Des raisons d’espérer. Les Français adoptent de plus en plus de nouvelles habitudes de consommation et l’économie de la fonctionnalité, le service à la personne s’en sortent mieux que d’autres secteurs d’activité. «Il s’agit de secteurs qui innovent et qui émergent actuellement. Ils ne sont malheureusement pas forcément tous générateurs de beaucoup d’emplois.»
En parallèle, «sans parler de politique puisque ce n’est pas notre métier, les pouvoirs publics mènent des actions visant à relancer la croissance et la consommation : la baisse des charges, le CICE, le pacte de responsabilité… Il y a toute une série d’actions nationales, voire européennes, qui visent à améliorer le pouvoir d’achat et la capacité d’investissement des entreprises».

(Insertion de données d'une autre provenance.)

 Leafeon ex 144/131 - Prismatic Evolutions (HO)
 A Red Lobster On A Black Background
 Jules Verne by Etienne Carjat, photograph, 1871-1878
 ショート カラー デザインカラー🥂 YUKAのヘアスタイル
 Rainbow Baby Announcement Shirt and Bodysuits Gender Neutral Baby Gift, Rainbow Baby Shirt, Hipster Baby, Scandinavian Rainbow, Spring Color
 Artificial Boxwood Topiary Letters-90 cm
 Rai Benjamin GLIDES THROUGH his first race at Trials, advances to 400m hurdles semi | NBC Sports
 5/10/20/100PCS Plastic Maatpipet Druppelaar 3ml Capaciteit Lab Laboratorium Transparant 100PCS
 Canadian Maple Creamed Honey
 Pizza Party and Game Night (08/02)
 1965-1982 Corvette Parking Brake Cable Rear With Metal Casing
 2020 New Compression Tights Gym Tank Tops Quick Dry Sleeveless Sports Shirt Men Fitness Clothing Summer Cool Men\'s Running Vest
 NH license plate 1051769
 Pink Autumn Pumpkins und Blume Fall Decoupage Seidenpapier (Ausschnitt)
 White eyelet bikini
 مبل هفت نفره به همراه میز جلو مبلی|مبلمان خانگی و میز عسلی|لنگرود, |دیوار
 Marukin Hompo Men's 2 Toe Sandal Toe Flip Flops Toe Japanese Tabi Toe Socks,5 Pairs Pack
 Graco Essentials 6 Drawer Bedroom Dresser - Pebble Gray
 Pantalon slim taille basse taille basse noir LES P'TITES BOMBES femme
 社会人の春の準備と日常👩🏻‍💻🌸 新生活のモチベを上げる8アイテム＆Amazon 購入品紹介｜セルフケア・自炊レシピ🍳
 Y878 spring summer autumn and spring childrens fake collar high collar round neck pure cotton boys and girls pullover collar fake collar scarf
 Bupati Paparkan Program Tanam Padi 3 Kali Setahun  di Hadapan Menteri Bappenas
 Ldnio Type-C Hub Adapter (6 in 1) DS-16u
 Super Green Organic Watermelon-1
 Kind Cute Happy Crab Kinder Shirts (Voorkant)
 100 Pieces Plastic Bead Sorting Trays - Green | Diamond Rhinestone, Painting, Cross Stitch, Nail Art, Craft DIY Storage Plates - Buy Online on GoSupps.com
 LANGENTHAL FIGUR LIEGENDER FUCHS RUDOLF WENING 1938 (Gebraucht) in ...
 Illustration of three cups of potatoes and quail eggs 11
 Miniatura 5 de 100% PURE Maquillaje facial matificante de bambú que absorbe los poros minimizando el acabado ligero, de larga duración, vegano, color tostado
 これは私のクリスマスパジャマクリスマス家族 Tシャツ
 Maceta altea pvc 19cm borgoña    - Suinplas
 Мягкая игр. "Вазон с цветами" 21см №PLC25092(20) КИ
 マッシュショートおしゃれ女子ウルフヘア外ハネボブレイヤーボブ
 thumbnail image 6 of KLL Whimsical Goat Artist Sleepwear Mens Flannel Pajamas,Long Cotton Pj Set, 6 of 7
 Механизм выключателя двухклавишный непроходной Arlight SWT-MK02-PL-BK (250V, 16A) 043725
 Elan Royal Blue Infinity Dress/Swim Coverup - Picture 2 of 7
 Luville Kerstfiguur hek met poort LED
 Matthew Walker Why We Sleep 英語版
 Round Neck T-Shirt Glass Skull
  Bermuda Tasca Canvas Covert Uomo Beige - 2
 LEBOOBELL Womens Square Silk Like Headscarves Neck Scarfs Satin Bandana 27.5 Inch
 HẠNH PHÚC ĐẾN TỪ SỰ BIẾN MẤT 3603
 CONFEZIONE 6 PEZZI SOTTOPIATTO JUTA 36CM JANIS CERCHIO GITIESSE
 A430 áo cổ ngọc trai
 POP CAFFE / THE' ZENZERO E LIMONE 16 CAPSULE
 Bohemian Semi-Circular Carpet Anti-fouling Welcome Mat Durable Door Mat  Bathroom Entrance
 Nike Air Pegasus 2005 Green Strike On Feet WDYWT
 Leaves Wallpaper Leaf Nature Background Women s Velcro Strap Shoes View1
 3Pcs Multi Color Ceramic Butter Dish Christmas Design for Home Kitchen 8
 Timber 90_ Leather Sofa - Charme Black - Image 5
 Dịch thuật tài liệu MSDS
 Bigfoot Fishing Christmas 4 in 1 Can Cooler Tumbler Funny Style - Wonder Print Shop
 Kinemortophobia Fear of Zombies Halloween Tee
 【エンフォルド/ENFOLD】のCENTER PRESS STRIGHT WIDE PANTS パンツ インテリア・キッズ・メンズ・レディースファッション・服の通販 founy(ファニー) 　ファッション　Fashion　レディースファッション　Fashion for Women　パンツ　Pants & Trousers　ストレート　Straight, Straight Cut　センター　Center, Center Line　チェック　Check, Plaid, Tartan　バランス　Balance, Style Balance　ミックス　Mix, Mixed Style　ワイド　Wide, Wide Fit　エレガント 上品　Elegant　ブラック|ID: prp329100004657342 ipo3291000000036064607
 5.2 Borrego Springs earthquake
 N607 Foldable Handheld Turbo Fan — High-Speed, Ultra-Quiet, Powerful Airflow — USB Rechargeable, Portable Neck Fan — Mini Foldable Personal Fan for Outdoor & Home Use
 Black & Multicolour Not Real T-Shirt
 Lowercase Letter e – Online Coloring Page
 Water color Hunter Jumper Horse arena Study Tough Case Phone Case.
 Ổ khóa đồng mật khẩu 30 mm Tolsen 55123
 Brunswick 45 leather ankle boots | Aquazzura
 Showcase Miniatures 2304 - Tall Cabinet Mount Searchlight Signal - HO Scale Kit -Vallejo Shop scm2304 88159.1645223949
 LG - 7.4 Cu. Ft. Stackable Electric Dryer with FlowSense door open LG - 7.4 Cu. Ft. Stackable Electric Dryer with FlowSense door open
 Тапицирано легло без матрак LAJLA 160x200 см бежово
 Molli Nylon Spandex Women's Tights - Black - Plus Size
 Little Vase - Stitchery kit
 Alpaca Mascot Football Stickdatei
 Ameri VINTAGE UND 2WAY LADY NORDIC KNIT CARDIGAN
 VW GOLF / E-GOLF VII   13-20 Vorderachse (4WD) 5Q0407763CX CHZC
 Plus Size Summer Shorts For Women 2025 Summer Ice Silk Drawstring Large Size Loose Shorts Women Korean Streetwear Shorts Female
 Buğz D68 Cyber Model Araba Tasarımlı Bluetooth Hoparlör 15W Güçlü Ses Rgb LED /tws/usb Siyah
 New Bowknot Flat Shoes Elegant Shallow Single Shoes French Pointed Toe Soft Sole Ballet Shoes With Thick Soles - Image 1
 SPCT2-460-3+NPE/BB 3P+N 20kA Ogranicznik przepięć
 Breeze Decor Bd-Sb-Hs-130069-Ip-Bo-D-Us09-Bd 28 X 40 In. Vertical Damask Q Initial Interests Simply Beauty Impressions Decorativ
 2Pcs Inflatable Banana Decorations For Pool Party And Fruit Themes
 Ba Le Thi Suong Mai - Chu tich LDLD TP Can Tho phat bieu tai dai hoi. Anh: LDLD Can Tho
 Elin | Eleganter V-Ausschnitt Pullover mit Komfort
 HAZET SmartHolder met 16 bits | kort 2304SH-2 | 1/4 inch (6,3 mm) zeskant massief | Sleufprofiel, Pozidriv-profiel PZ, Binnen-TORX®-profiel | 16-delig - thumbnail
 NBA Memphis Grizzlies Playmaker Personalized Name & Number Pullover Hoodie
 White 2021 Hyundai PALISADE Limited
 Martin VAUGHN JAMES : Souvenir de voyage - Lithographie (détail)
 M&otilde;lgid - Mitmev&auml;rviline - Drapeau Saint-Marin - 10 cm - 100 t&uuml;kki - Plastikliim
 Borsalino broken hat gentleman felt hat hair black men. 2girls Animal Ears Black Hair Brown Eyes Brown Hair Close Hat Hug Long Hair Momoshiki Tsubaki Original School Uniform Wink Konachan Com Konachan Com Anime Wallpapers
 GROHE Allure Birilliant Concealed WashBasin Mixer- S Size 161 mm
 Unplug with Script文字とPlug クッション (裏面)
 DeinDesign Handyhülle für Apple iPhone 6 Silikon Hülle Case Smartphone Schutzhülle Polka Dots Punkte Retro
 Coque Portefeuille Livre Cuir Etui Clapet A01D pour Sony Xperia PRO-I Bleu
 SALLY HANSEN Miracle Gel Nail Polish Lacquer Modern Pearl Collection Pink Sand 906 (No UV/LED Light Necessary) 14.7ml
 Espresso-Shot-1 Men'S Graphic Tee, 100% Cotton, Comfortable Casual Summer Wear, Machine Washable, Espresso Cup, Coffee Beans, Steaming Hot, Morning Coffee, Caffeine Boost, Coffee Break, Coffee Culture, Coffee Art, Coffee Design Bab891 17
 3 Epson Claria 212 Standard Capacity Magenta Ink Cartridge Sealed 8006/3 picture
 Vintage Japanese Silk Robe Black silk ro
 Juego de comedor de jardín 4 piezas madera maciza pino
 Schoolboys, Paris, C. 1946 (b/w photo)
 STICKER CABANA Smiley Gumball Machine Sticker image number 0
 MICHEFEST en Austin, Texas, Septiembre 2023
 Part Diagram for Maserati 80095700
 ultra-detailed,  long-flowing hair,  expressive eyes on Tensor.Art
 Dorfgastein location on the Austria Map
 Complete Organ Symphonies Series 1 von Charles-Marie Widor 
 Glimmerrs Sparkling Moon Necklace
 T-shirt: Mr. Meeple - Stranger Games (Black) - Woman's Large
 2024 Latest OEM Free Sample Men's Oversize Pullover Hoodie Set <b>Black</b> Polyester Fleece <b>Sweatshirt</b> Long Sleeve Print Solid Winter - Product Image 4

A l’échelle régionale, il existe quelques opportunités : «Le canal Seine-Nord Europe, même s’il s’apparente à un serpent de mer, est potentiellement une source d’activité économique à saisir, notamment dans sa construction.» De même, le plan de rénovation énergétique «100 000 logements»  ( “le renouvellement des compteurs électriques sont autant de grands projets auxquels il faut être attentifs”) ou la troisième révolution industrielle engagée par la Région et qui rassemble l’ensemble des acteurs économiques. Et puis, «en région, nous avons toute une série de pôles de compétitivité qui sont dynamiques et qui génèrent de la valeur et de l’innovation» : il est important pour les entreprises de pouvoir s’adosser à ces centres de recherches.
Enfin, il existe une embellie à venir quant à la reprise d’entreprise, un secteur encourageant : «Un quart des 130 000 entreprises régionales seront à transmettre dans les cinq ans à venir. Parmi elles, certaines marchent très bien, traversent la crise sans souci, sont résiliantes, avec des emplois stables et des marchés stables.»
Dernier constat : «2013 a été une année bien plus catastrophique que 2014, même si cette année reste une mauvaise année par rapport à des années fastes de référence», conclut Grégory Denys.